Okay kiddo, so in the early 1980s, the United States had some trouble with money. When people don't have a lot of money, they can't buy as much stuff, and that means companies can't sell as much stuff. When companies can't sell as much, they don't make as much money, and sometimes they have to lay off (which means fire) some of their workers.
This happened to a lot of people in the early 1980s, and it made things really hard for them. They couldn't pay for things like their houses or food or clothes. This made even more companies unhappy because they still didn't have anyone to buy their things. People call this a "recession" when it happens to a whole bunch of companies in a whole bunch of places.

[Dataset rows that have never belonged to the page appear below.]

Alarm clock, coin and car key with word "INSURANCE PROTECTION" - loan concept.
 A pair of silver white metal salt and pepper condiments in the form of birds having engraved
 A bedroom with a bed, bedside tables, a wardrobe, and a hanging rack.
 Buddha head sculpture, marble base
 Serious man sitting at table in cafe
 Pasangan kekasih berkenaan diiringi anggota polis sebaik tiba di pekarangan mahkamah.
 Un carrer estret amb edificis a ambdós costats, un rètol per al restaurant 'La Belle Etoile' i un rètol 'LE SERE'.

To try and help fix this problem, the government did a few things. One of the things they did was lower the amount of money they were putting into the economy. This meant that people couldn't borrow (which means get money from someone else that they have to pay back later) as easily. But this also meant that people couldn't spend as much money, and that made things even harder for the companies.
Another thing the government did was raise interest rates. When people borrow money, they have to pay back extra money called "interest." So if someone borrows $10 from you and agrees to pay you $11 later, that extra $1 is the interest. When the government raised interest rates, it made it even harder for people to borrow money because they would have to pay back more than they did before.
So basically, the early 1980s recession happened because people didn't have a lot of money and couldn't buy things, which made companies unhappy because they couldn't sell things. And then the government did some things to try and help fix the problem, but those things made it even harder for people and companies to get money.